* _Data for review_:
# # # # #
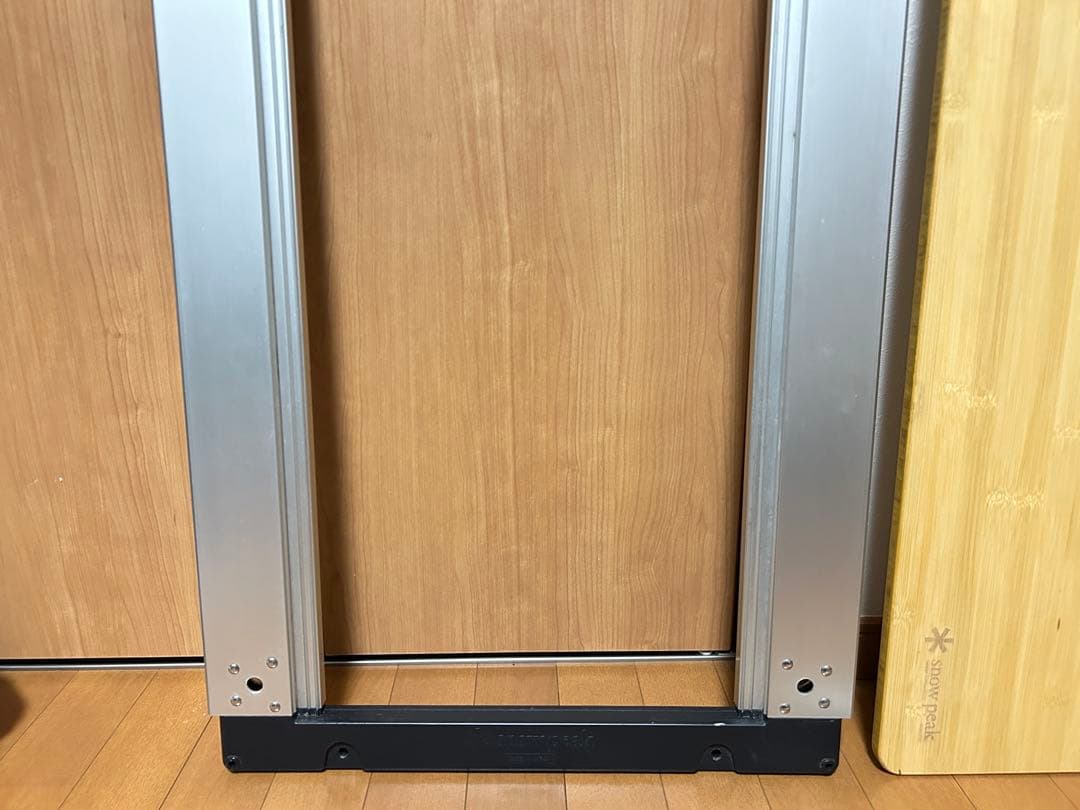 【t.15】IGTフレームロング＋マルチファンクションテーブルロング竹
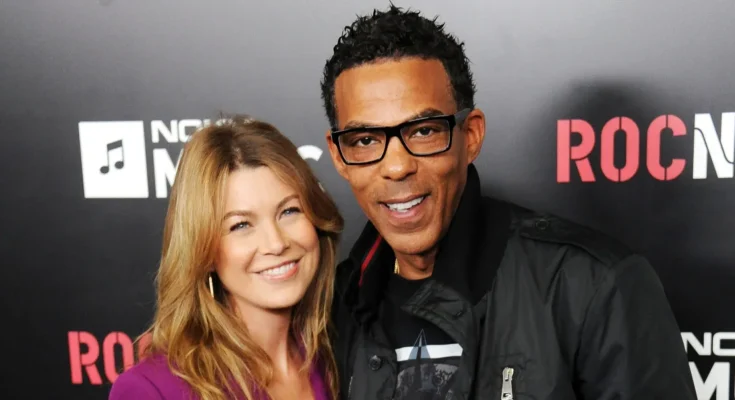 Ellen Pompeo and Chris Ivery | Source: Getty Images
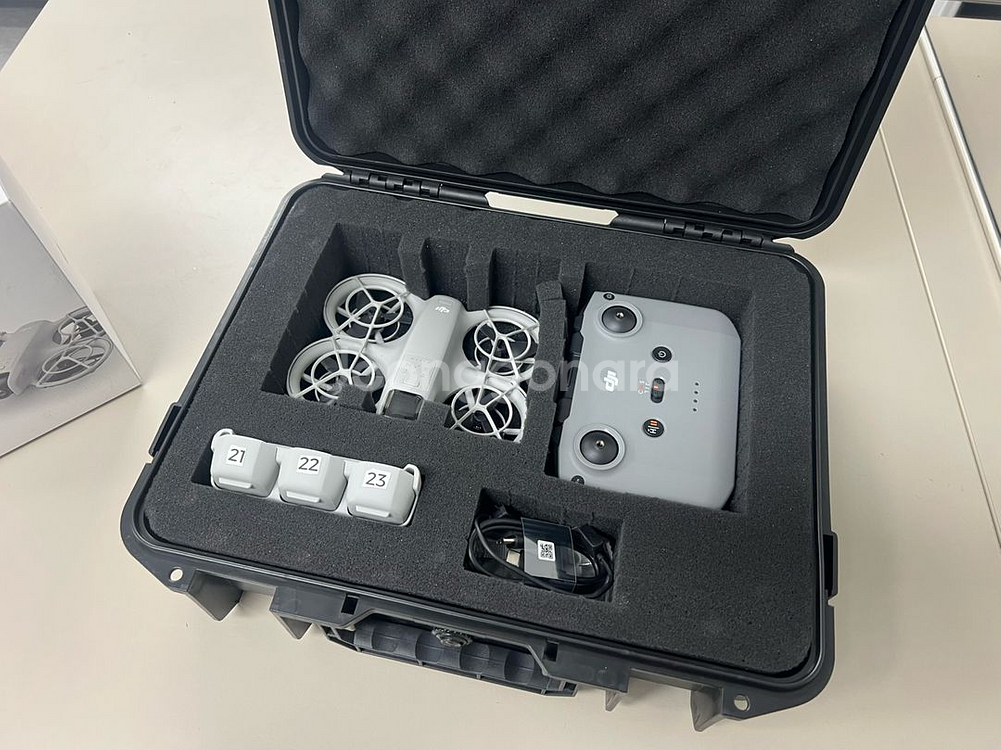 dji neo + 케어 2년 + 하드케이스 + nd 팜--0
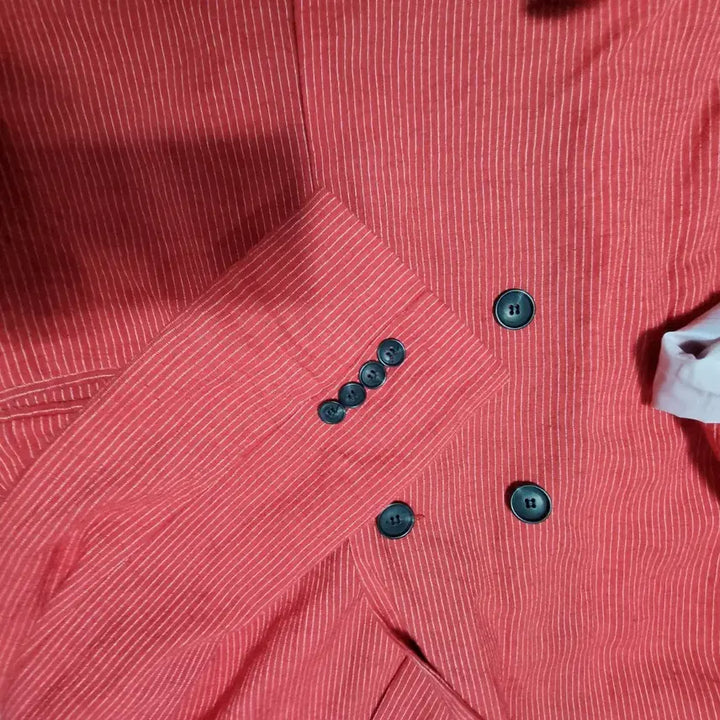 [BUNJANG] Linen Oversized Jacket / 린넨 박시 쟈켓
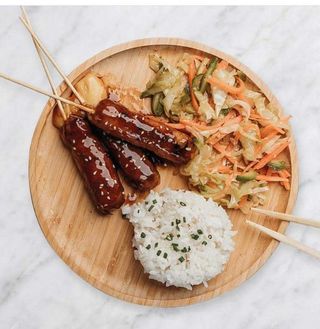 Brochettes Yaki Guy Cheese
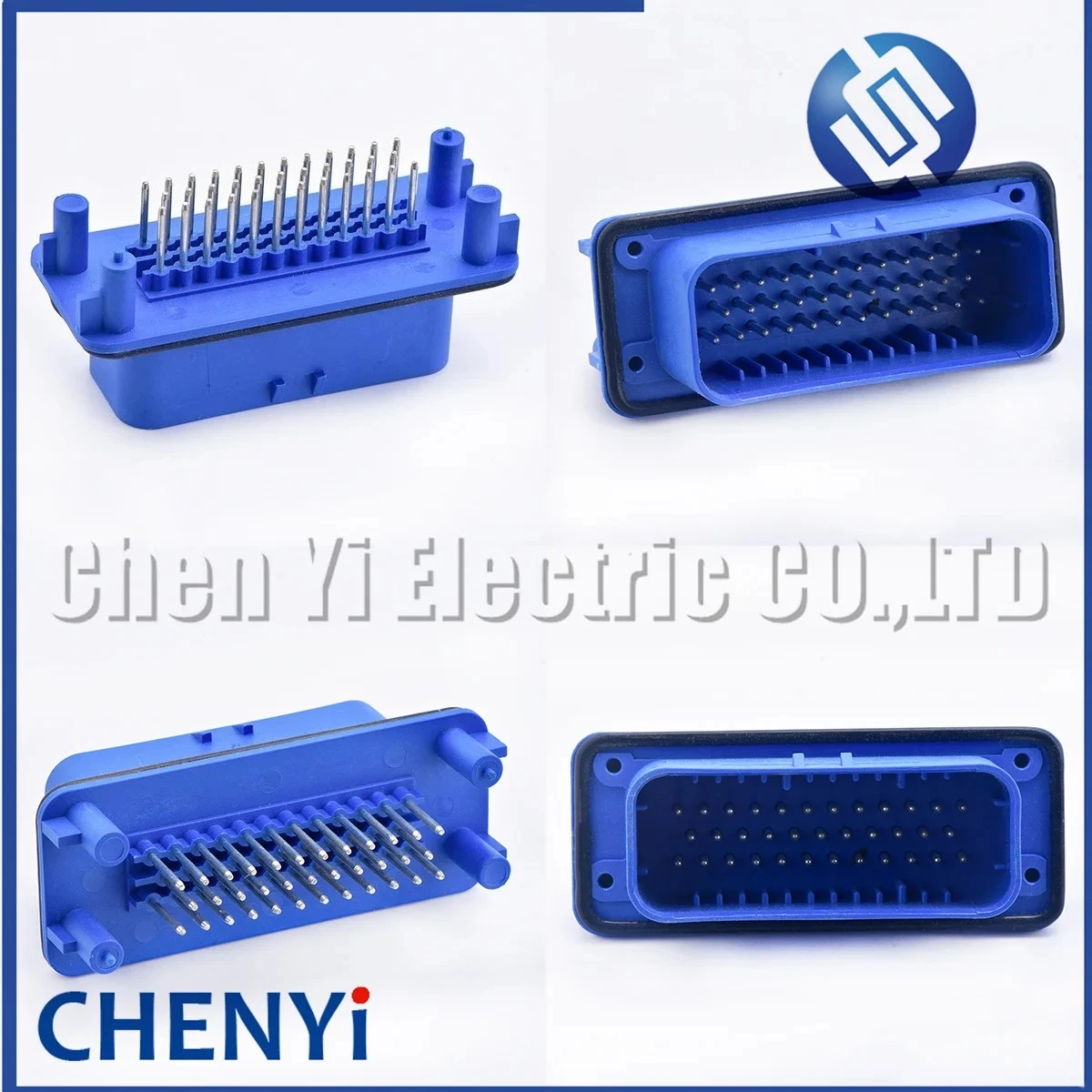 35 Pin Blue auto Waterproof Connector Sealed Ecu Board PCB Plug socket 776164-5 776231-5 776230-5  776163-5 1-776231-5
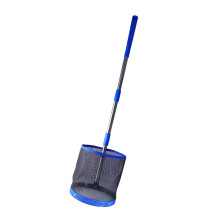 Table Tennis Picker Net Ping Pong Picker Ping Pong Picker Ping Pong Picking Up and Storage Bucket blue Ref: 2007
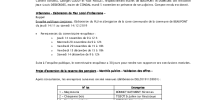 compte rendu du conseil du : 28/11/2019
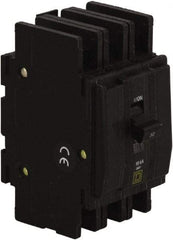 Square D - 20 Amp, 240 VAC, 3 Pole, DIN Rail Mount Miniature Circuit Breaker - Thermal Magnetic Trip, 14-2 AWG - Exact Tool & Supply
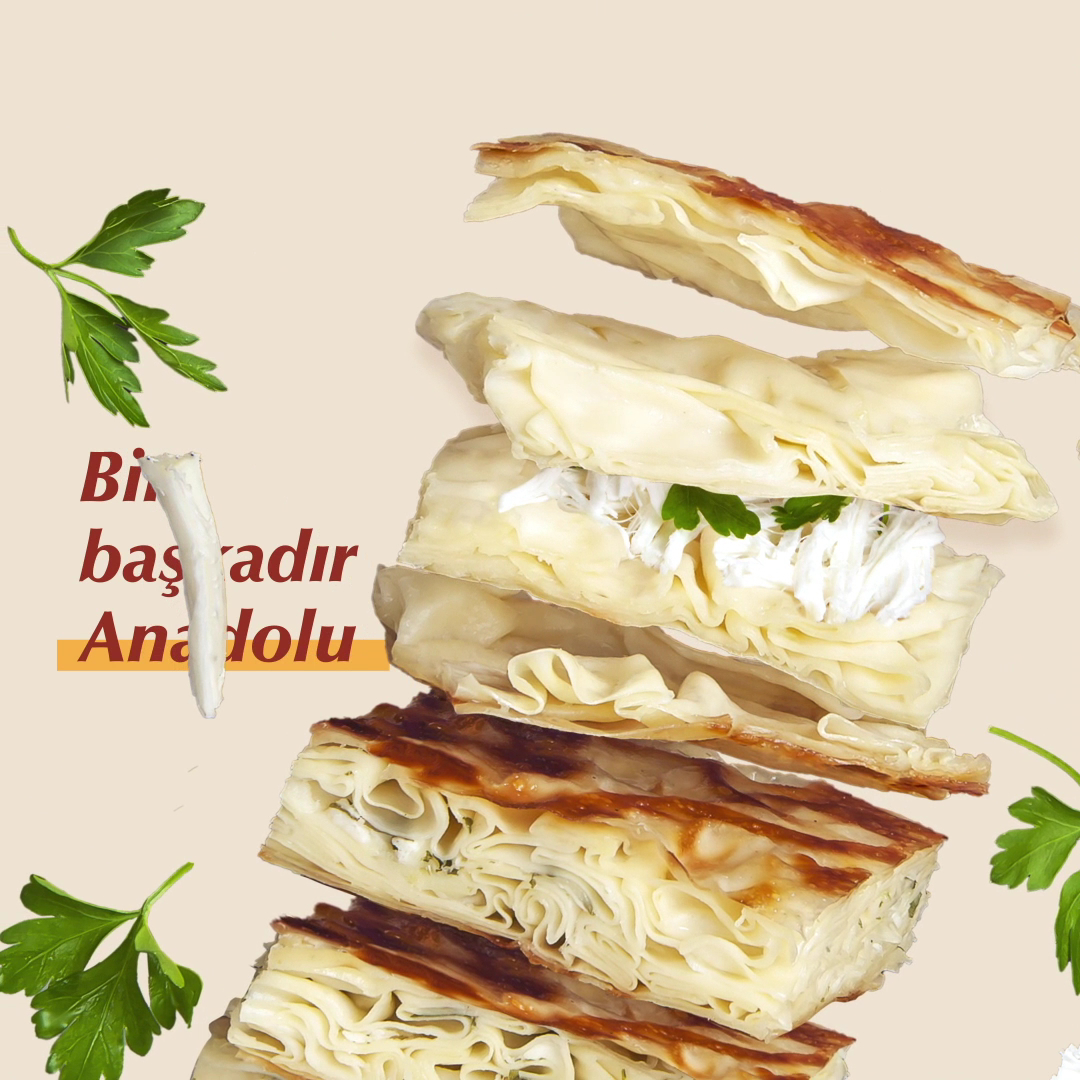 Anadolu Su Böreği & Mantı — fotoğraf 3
# # # # #
* _Work task_: Transcribe the records above exactly, without images.

* _Result for this task_:
 【t.15】IGTフレームロング＋マルチファンクションテーブルロング竹
 Ellen Pompeo and Chris Ivery | Source: Getty Images
 dji neo + 케어 2년 + 하드케이스 + nd 팜--0
 [BUNJANG] Linen Oversized Jacket / 린넨 박시 쟈켓
 Brochettes Yaki Guy Cheese
 35 Pin Blue auto Waterproof Connector Sealed Ecu Board PCB Plug socket 776164-5 776231-5 776230-5  776163-5 1-776231-5
 Table Tennis Picker Net Ping Pong Picker Ping Pong Picker Ping Pong Picking Up and Storage Bucket blue Ref: 2007
 compte rendu du conseil du : 28/11/2019
 Square D - 20 Amp, 240 VAC, 3 Pole, DIN Rail Mount Miniature Circuit Breaker - Thermal Magnetic Trip, 14-2 AWG - Exact Tool & Supply
 Anadolu Su Böreği & Mantı — fotoğraf 3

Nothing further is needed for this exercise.